Sportif tasarımıyla dikkat çeken yeni Ford Puma temelde Ford’un B segmenti platformunu kullanıyor ancak bunu arttırılmış dingil mesafesi ve iz genişliği ile SUV sınıfına özgü gövde orantılarıyla tamamlıyor. Puma, çarpıcı ve tamamen özgün bir siluet için alçak eğimli bir tavan çizgisi kullanıyor. Önden arkaya doğru yükselen ve arkaya doğru iyice genişleyen omuz çizgisi dinamik ve güçlü bir görünümü beraberinde getirmeyi amaçlamış. Yatay formlu iki parça stop lambası tasarımı ise daha geniş bir arka görünüm sunmakla birlikte bagaj erişimini kolaylaştıracak seviyede. Yan gövde boyunca uzanan pürüzsüz ve akıcı hatlar alt gövdede ön ve arka lastikler arasındaki iç bükey oluşumla daha dinamik ve canlı bir görünüm kazanıyor. Dinamik ve sportif tasarım LED sis lambaları gibi şık detaylarla tamamlanırken, yukarıda konumlandırılan farlarla birlikte kendine özgü bir görünüm ortaya çıkıyor.
Yeni Ford Puma crossover ST-Line ve Titanium dahil her biri farklı bir karakter yansıtan son derece özgün tasarım detaylarına sahip donanım paketleriyle geliyor. Ford’un performans modellerinden izler taşıyan Puma ST-Line donanımda 18 inçlik jantlar sunulurken isteğe bağlı olarak 19 inçlik mat siyah jantlar tercih edilebiliyor. Her biri 11 farklı renk seçeneğine sahip yeni Ford Puma yenilikçi bagaj çözümünün de aralarında bulunduğu son derece fonksiyonel ve kullanışlı yapısal özellikler sunuyor. Sınıfının ödün vermeyi gerektirmeyen en iyi bagaj hacmine sahip olan yeni Puma’da 456 litrelik bir bagaj bulunuyor. Arka koltukların yatırılmasıyla 112 cm uzunluğunda, 97 cm genişliğinde ve 43 cm yüksekliğinde bir koli esnek kullanım özelliklerine sahip bagaja sığıyor.

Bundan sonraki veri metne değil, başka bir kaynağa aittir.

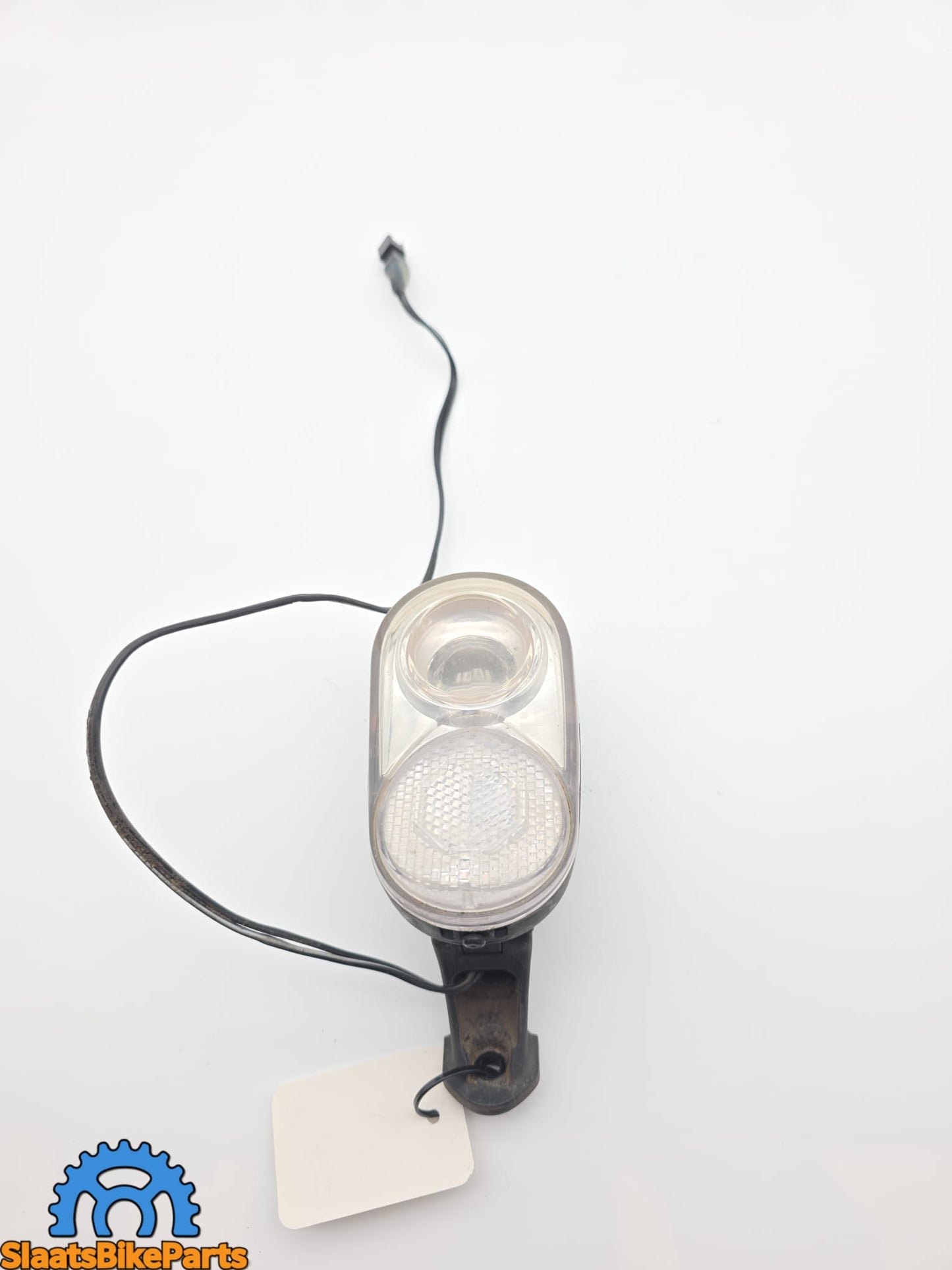 Giant Twist | Koplamp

Ford, bu yılın başlarında, yeni Focus’tan itibaren pazara sunulan her bir Ford otomobilin bir elektrikli seçeneğe sahip olacağını açıklamıştı. Yeni Ford Puma; sahip olduğu performans ile üstün sürüş keyfi sunarken yüksek yakıt verimliliğini beraberinde getiren Ford’un yenilikçi yarı-hibrit sistemini kullanan ilk model olacak. EcoBoost Hybrid teknolojisinde Puma’nın 1,0 litre EcoBoost benzinli motorunda 11,5 kW gücünde kayışla bağlantılı entegre bir marş/jeneratörü (BISG) devreye giriyor. Geleneksel alternatörün yerini alan bu sistem (BISG) fren anında oluşan ve boşa giden enerjiyi hava soğutmalı 48 Voltluk lityum-iyon bataryayı şarj etmek için kullanıyor. Sistem (BISG) aynı zamanda depolanan enerjiyi kullanarak üç silindirli benzinli motoru normal sürüş ve hızlanma anında ilave tork ile desteklemek üzere devreye giriyor. Yarı hibrit sistemin 125 PS ve 155 PS olmak üzere iki farklı güç versiyonu bulunuyor. Kişiselleştirme olanağı sunan 12,3 inçlik dijital gösterge ekranı sayesinde sürücüler sürüş destek sistemleri veya navigasyon gibi bilgileri ekranda önceliklendirebiliyor. 24 bit gerçek renkli ekran bilgileri daha canlı ve parlak göstererek sürüş esnasındaki okunabilirliği kolaylaştırıyor.